Image an association Partner <-> Address, one-to-many and navigable from both ends. What I would like to achieve is that if I append an Address to a Partner that Address object should automatically know about its Partner.

So the implementation pattern would be to have an NSMutableArray* on the Partner side and a Partner* on the Address side. The property on the Address side is easy to implement, as a setPartner:(Partner*)aPartner could automatically insert the Address (self) into the Partner's NSMutableArray managing the addresses. The other side, however, is not so easy to implement. The standard implementation pattern for to-many references in Objective-C seems to be the NSMutableArray obtainable via the get method of the @property. The object in possession of this NSMutableArray could then insert an Address object into the array, which would of course not be updating the other side.

I know that there are other patterns for this kind of association management, for instance, via addTo...() and removeFrom...() methods. But I don't know yet if this would fit with other principles of Cocoa programming or even prevent me from using Cocoa efficiently. I am thinking about Interface Builder here.
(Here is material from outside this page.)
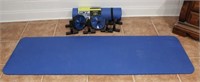 Lot of Assorted Exercise Equipment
Not much experience, but I have seen something called an ArrayController which seems to be quite handy but which also seems to expect an NSMutableArray type property to work with. And if this guy inserts objects into the array I need to intercept that and make the other side adjustment.

As a Java programmer I would tend to subclass NSMutableArray now and override some of its methods which could then manipulate the other end. Would this be possible at all? I read about categories but so far I have understood that I could only add methods to a class this way and not override them nor add to the structure of it. Or should it be method forwarding? I am confused right now. If you could point me into the right direction of thinking it would be so great. Thanks a lot!

+4  A: 

Welcome to Cocoa. Do not subclass built-in collections. You will go insane.

Allow me to clarify: in Cocoa, we have these things called "Class Clusters". Clusters are a hierarchy of private classes that all have a common, public superclass. In this case, NSArray is the public superclass, and there are private subclasses that are the actual array implementations. This presents a really difficult challenge when subclassing, because you don't know what class (or classes) you would need to subclass.

The common work-around is to create a new NSObject subclass that "wraps" an NSArray (ie, it has the array as an instance variable ["field"]), and then you invoke methods on the custom wrapper, and the wrapper holds all the custom logic you need.

As to answer your question, I've found that when I have this sort of set up where I need to maintain one-to-one, one-to-many, or many-to-many relationships automatically, there's nothing that beats using CoreData. CoreData is a built-in framework that's more or less like an object store. One of the truly awesome things that it does is handle relationship integrity, which is what you're looking for.

Dave DeLong
Dave, thank you for saving me from learning it the hard way - I swear I will never ever even think about extending the collection classes again ;) I will have a closer look on CoreData now. It doesn't seem to support inheritance but for most parts of my data models that will be ok. I hope it can handle larger amounts of data (in binary form). Thanks again!
Andre Pareis
already found out that it can do inheritance. perfect!!!